Re: [Xen-devel] [PATCH] xen: do not re-use pirq number cached in pci device msi msg data
From: Dan Streetman
Date: Mon Jan 09 2017 - 10:46:01 EST
On Mon, Jan 9, 2017 at 9:59 AM, Boris Ostrovsky
<boris.ostrovsky@xxxxxxxxxx> wrote:
> On 01/06/2017 08:06 PM, Konrad Rzeszutek Wilk wrote:
>> On Thu, Jan 05, 2017 at 02:28:56PM -0500, Dan Streetman wrote:
>>> Do not read a pci device's msi message data to see if a pirq was
>>> previously configured for the device's msi/msix, as the old pirq was
>>> unmapped and may now be in use by another pci device. The previous
>>> pirq should never be re-used; instead a new pirq should always be
>>> allocated from the hypervisor.
>> Won't this cause a starvation problem? That is we will run out of PIRQs
>> as we are not reusing them?
>
> Don't we free the pirq when we unmap it?
I think this is actually a bit worse than I initially thought. After
looking a bit closer, and I think there's an asymmetry with pirq
allocation:
tl;dr:
pci_enable_msix_range() -> each MSIX (or MSI) now has a pirq
allocated, and reserved in the hypervisor
request_irq() -> an event channel is opened for the specific pirq, and
maps the pirq with the hypervisor
free_irq() -> the event channel is closed, and the pirq is unmapped,
but that unmap function also frees the pirq! The hypervisor can/will
give it away to the next call to get_free_pirq. However, the pci
msi/msix data area still contains the pirq number, and the next call
to request_irq() will re-use the pirq.
pci_disable_msix() -> this has no effect on the pirq in the hypervisor
(it's already been freed), and it also doesn't clear anything from the
msi/msix data area, so the pirq is still cached there.
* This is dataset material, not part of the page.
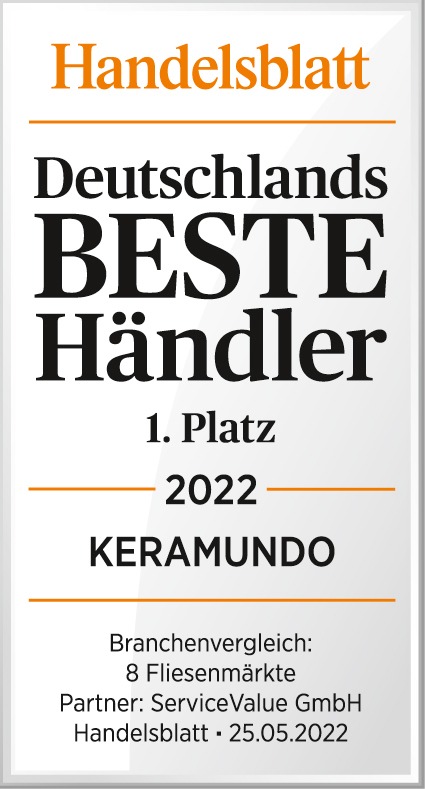 +++ Pressemeldung: Keramundo erhält zum vierten Mal in Folge die Auszeichnung Deutschlands bester Fliesenmarkt +++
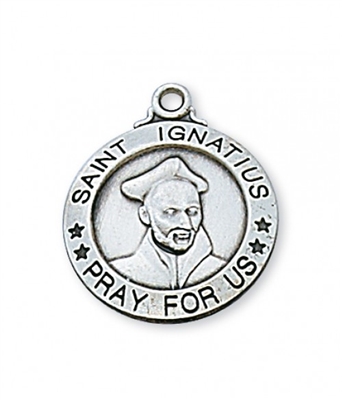 SS ST. IGNATIUS 20" CHAIN&BOX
It seems like the hypervisor needs to be fixed to *not* unmap the pirq
when the event channel is closed - or at least, not to change it to
IRQ_UNBOUND state? And, the pci_disable_msix call should eventually
call into something in the Xen guest kernel that actually does the
pirq unmapping, and clear it from the msi data area (i.e.
pci_write_msi_msg)
Alternately, if the hypervisor doesn't change, then the call into the
hypervisor to actually allocate a pirq needs to move from the
pci_enable_msix_range() call to the request_irq() call? So that when
the msi/msix range is enabled, it doesn't actually reserve any pirq's
for any of the vectors; each request_irq/free_irq pair do the pirq
allocate-and-map/unmap...
longer details:
The chain of function calls starts in the initial call to configure
the msi vectors, which eventually calls __pci_enable_msix_range (or
msi_) which then eventually reaches xen_hvm_setup_msi_irqs(), which
either tries to re-use any cached pirq in the MSI data area, or (for
the first time setup) allocates a new pirq from the hypervisor via
PHYSDEVOP_get_free_pirq. That pirq is then reserved from the
hypervisor's perspective, but it's not mapped to anything in the guest
kernel.
Then, the driver calls request_irq to actually start using the irq,
which calls __setup_irq to irq_startup to startup_pirq. The
startup_pirq call actually creates the evtchn and binds it to the
previously allocated pirq via EVTCHNOP_bind_pirq.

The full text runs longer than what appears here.